By Srinath Srinivasan
It’s not alwayS usual for large original equipment manufacturers (OEMs) to partner with homegrown companies to provide localised services. Samsung, one of the biggest consumer electronics companies in the world, has been on it and one such company that it has partnered with is Indus OS for the latter’s app platform App Bazaar. This is important because this homegrown company powers Samsung’s Galaxy App Store with over 400,000 applications.
“When we started in 2013, we thought since only 10% of Indians speak and write in English, we should create a platform to distribute regional content and apps,” says Rakesh Deshmukh, co-founder and CEO, Indus OS. According to him, this creates multiple use cases, one important one being discovery of apps and content created by local developers and content creators, and the other being an opportunity for OEMs to monetise these software products/ services.
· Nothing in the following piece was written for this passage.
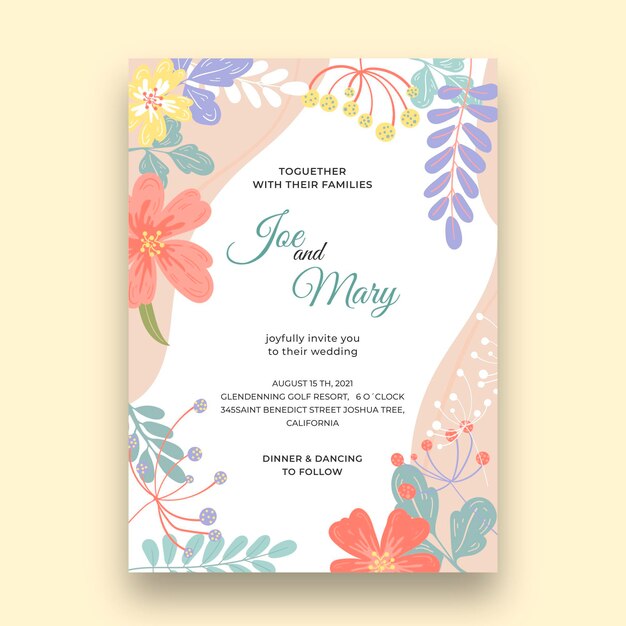 Plantilla de tarjeta floral de boda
Deshmukh says that there are already 60 million users and 400,000 developers on the platform. Indus OS has also partnered with Micromax, Intex, Karbonn and other OEMs in the last six years. App Bazaar supports 12 Indian languages and does not require users to sign up to access the apps. In addition to enabling discovery for the developers, Indus OS also provides analytics for the developers and the OEMs, giving them performance data and related services.
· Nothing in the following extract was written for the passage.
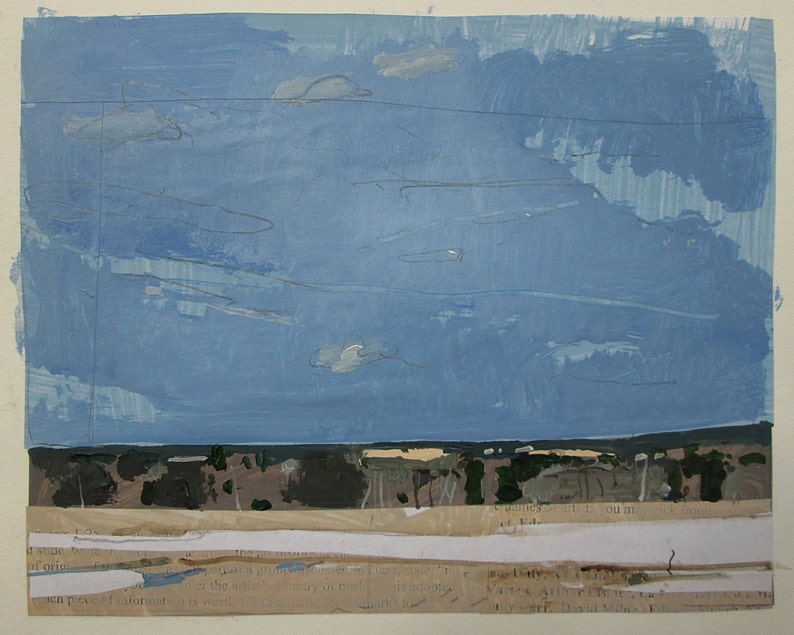 April 6, Bobby's Field, Original Spring Landscape Collage Painting on Paper, Stooshinoff image 1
“When we work with Indian mobile brands, we create the custom android version. This custom ROM serves as a custom OS or skin. But when we work with brands like Samsung, we offer our services through the app store – Galaxy App store in this case,” explains Deshmukh.
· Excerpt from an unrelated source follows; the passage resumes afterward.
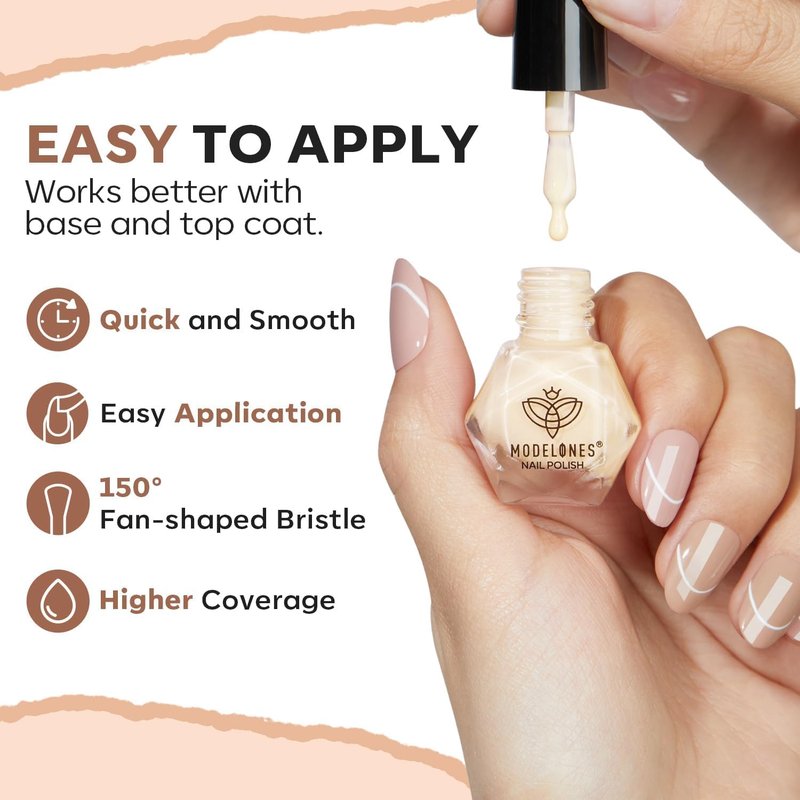 modelones Fall Nail Polish Set, 6 Colors Nude Brown Orange Metallic Bronze Quick Dry Mini Nail Lacquer Kit Shimmer Nail Art DIY Home Salon Manicure Gifts for Women Girls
After tasting success with Samsung, Indus OS now wants to sign up with Chinese brands which dominate the Indian handset market today, thus paving the way for an entry into the global market. “Chinese brands are more keen on making money from software as they run on thin margins already. We believe we can help them make more money and increase ROI for them,” explains Deshmukh.
While Indus App is not yet profitable, Deshmukh says the user base has increased 5X in the last six months. The challenge now lies in how it can enable discovery of right apps for the right audience at the right time. In 2014, the Deshmukh also tried to come up with their own branded phones, but it didn’t go as planned. “The way we lay out business now is in terms of voice and AI. These two technologies will completely change how apps are being discovered,” says Deshmukh.
Samsung Ventures has invested close to $5 million in Indus OS ensuring that the latter is sufficiently capitalised for reaching profitability, leaving room for Deshmukh and his team to look at partnerships and scale.